In addition to being mounted in rows 48, cutter elements 40 are also arranged in sets 50, each set 50 including cutter elements 40 from various rows 48. Each set 50 includes at least three radially-spaced cutter elements, at least two of which have cutting faces 44 with differing curvatures. When employing cutters having substantially circular cutting faces, this arrangement is achieved by choosing cutters 40 having cutting faces of differing diameters. The precise radial positioning and differences in diameter of the cutter elements 40 in the sets 50 are not visible in FIG. 3, but are described in more detail below with reference to FIGS. 4-10.

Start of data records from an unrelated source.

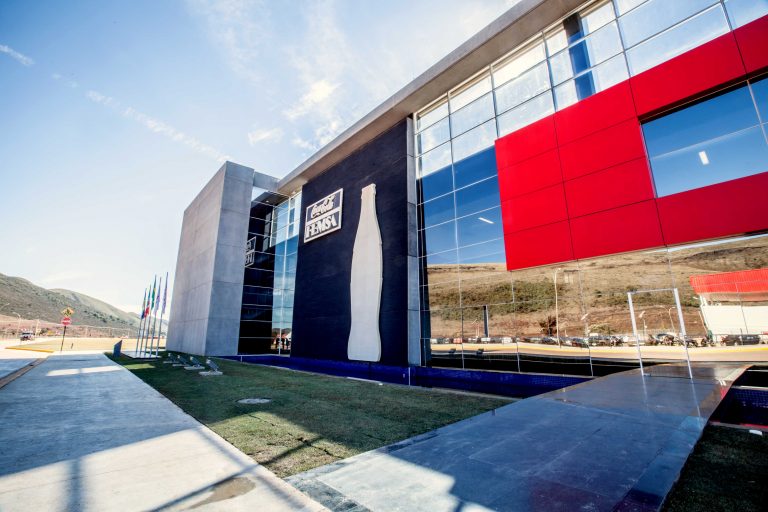 Coca-Cola FEMSA abre vagas em Itabirito e Mariana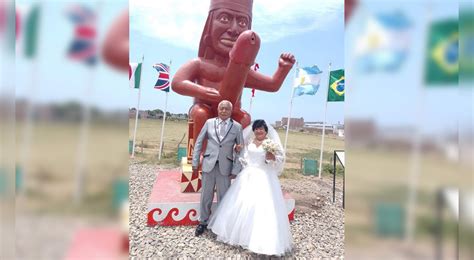 Esposos sellan su amor en escultura del Huaco Erótico en La Libertad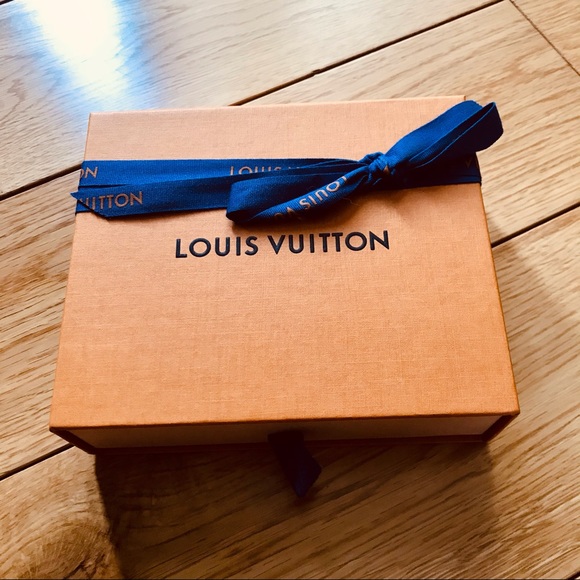 Authentic Louis Vuitton Key Pouch, Made in France. - Picture 6 of 11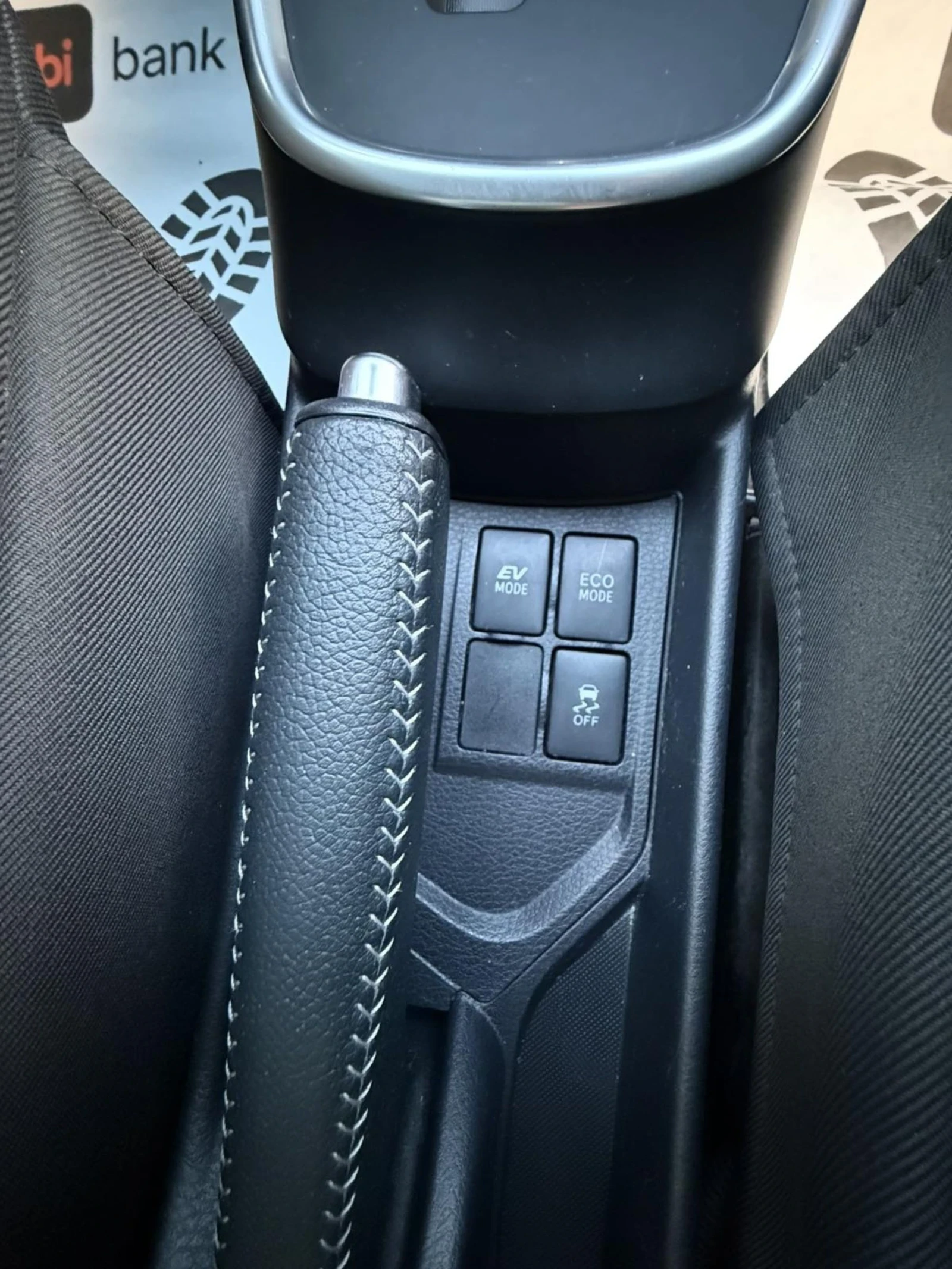 Toyota Yaris HYBRID  - изображение 10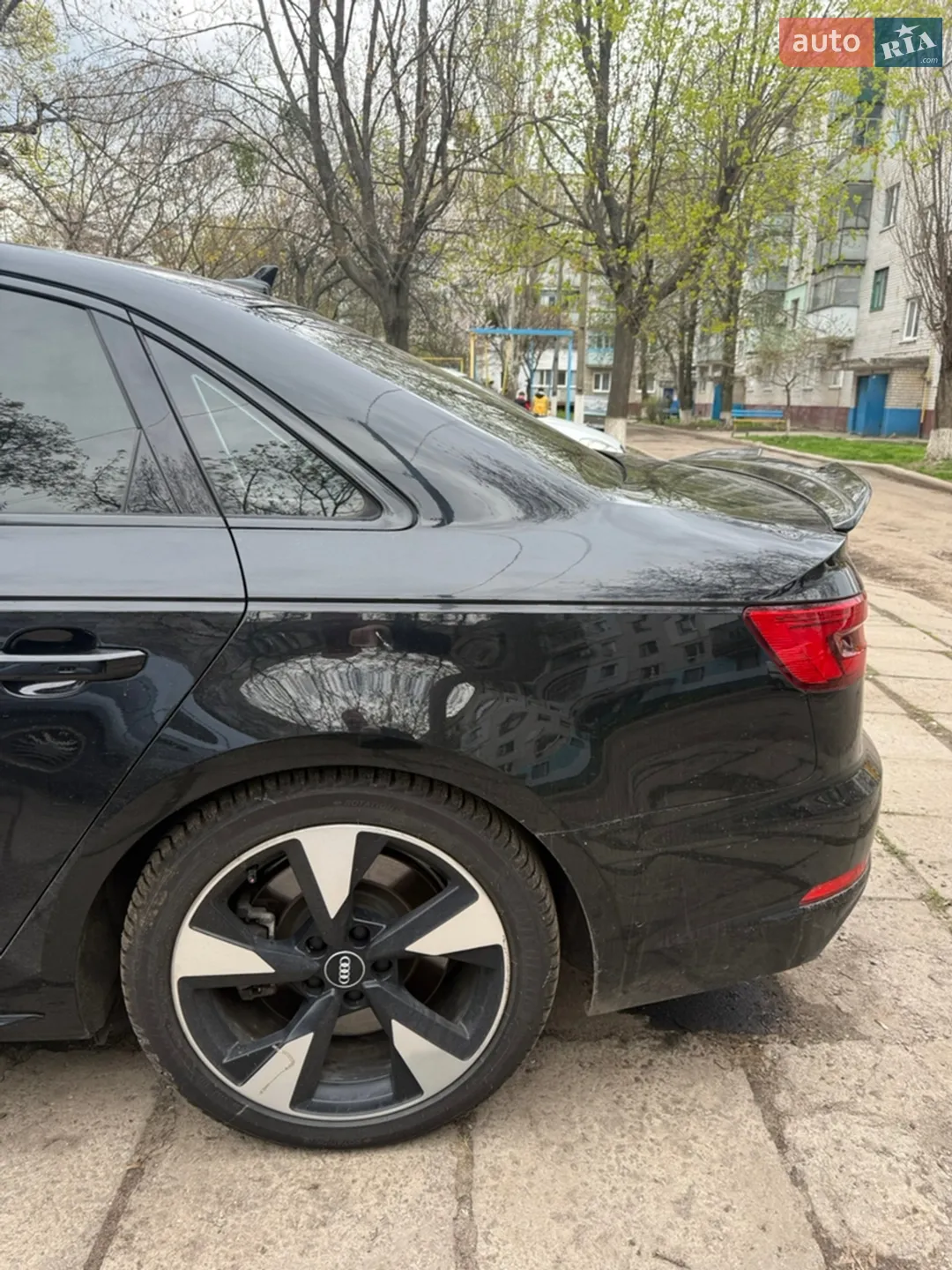 2015 Audi A4 - мініатюра 9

Cutter sets 50 are best understood with reference first to FIG. 4 which schematically shows, in rotated profile, the relative radial positions and sizes of the most centrally located cutter elements 40a-40d of a cutter set 50A. Referring momentarily to FIG. 2, elements 40a-40d are shown as comprising those cutter elements 40 that are positioned closest to bit axis 11. As shown in FIG. 2, elements 40a, 40c are radially spaced from one another and are mounted in a first row 48 on blade 31, while cutter elements 40b, 40d are radially spaced from one another along a second row on blade 33. Cutter elements 40a-40d and their respective cutting faces 44 have different diameters and cutting profiles. Preferably, cutter elements 40a, 40d have cutting faces 44 which are larger in diameter than cutter elements 40b, 40c. It is preferred that the cutting faces of elements 40a and 40d be approximately 0.75 inches in diameter and that the smaller diameter cutters 40b, 40c have diameters of about 0.5 inches. Other sizes of cutting faces 44 may be employed. For example, cutter elements 40a, 40d may have cutting faces larger than 0.75 inches diameter, and, for example, may be one inch in diameter. In such instance, cutter elements 40b, 40c may have cutting faces 44 that are 0.75 or 0.5 inches in diameter, as examples. As explained in more detail below, what is important to the present invention is that there be a difference in the curvature between the cutting faces of cutter elements 40 within a set 50.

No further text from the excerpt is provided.